Drôle d’époque ces années 68 où vices et vertus nocèrent dans la
ferveur des Trente Glorieuses, avant de se figer dans l’opportunisme
médiatique et comptable des années 80 d’hiver. Et pour une fois
l’architecture en était, de ce vaste Mouvement dont la majuscule
traduisait l’effervescence autant que la diffusion des idées de Mai.

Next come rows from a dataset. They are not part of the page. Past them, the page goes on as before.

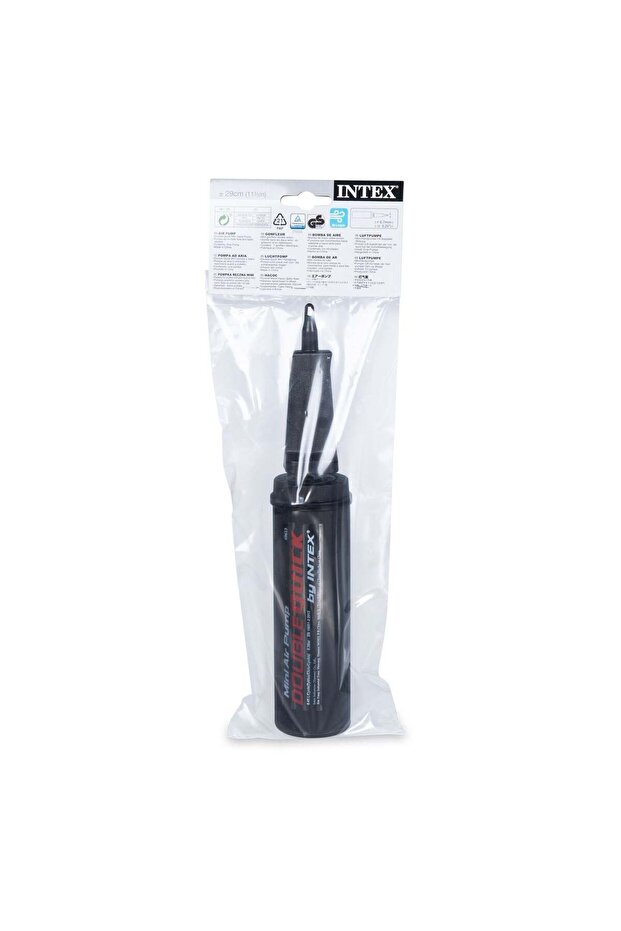 Pompa Manuala Mini 29 centimetri - Intex - 2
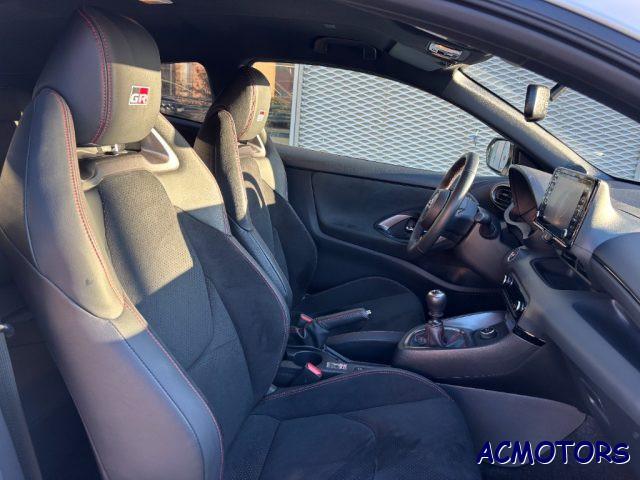 TOYOTA Yaris 1.6 Turbo 3 porte GR Yaris Circuit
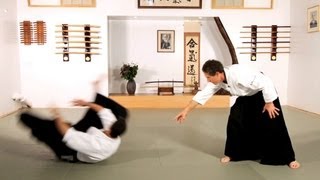 How to Do Ukemi Nage  Aikido Lessons [upl. by Rosy790]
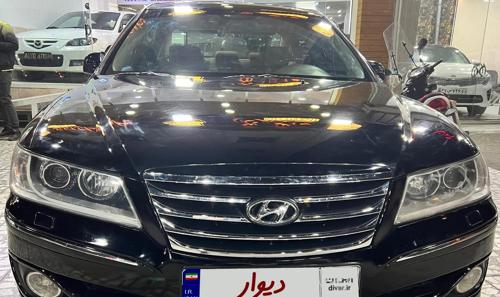 هیوندای آزرا گرنجور 3300cc، مدل ۲۰۱۱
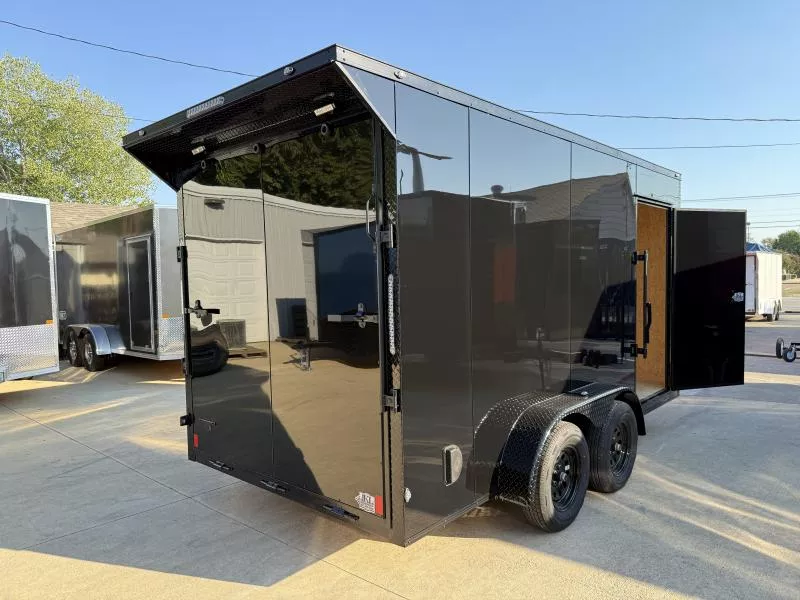 new Cargo (Enclosed) Trailers Triple Trailers  for sale, in Watauga, TX Thumbnail 13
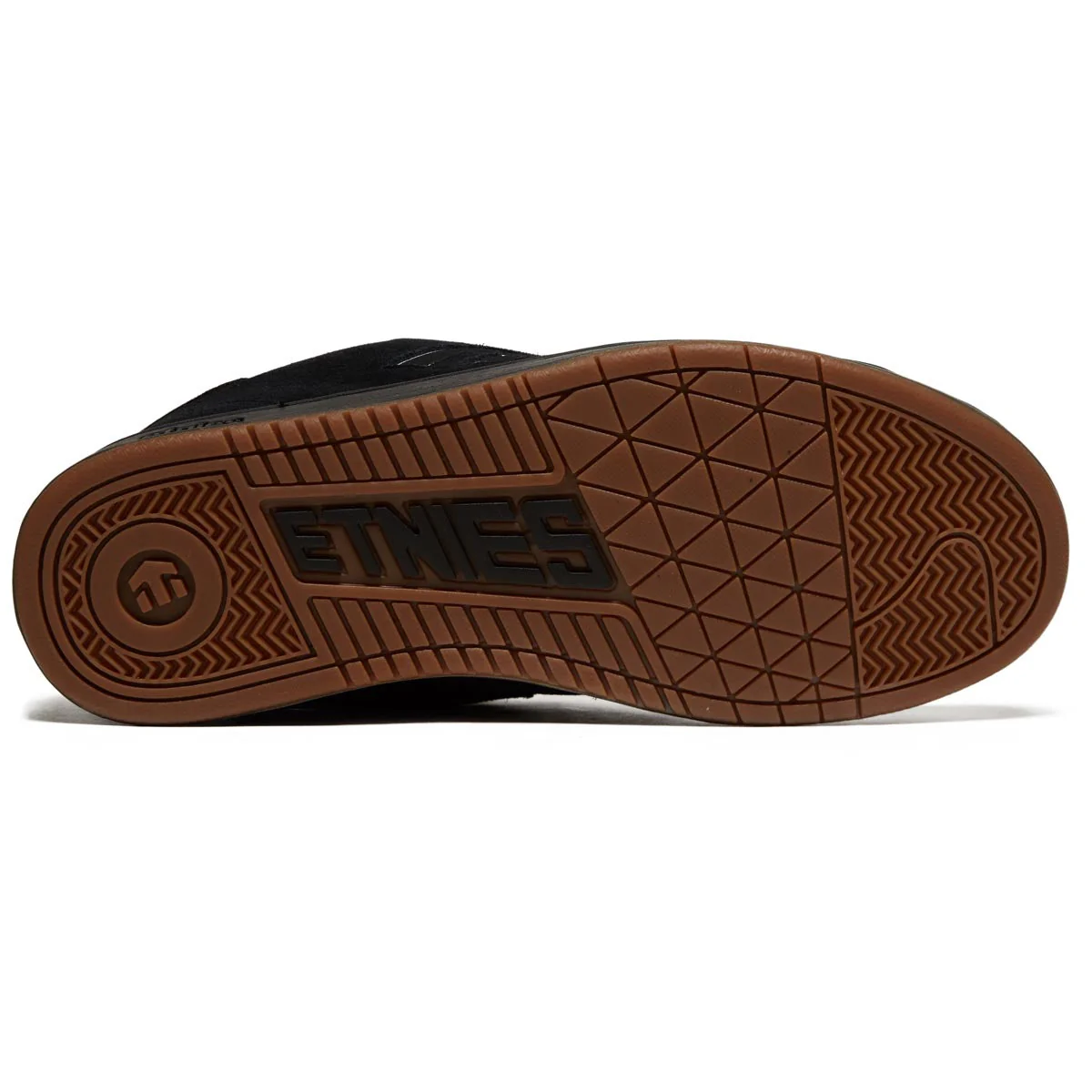 Etnies Callicut Shoes - Black/White - Image 4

Entre mémoire et histoire, à l’écoute des acteurs à défaut d’avoir pu
rassembler ses propres souvenirs, l’auteur met à nu les racines de la
scène architecturale française contemporaine en retraçant les dernières
années de l’École des Beaux-Arts. S’y croisent les univers et les
réseaux, les affiliations politiques et les jeux d’acteurs, entre une
administration d’abord conciliante puis dépassée par les événements et
des architectes en herbe aux allures de « jeunes turcs », au moment où
les méthodes deviennent des méthodologies ; la forme, un signe ;
l’architecture, une syntaxe ; et un courant architectural, un code.

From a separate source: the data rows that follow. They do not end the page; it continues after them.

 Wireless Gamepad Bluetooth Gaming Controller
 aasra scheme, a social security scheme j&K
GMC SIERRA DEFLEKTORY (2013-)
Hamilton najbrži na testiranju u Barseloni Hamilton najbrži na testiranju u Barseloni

Alors que l’enseignement de l’architecture se sépare brutalement de la
profession sans gagner tout à fait les rivages de l’Université, alors
que s’effondre le système des Beaux-Arts remplacé bientôt par celui des
concours, l’élite encore fragile des architectes français emboîte le pas
du vaste mouvement de libéralisation et de décentralisation qui allait
si profondément modifier la société française.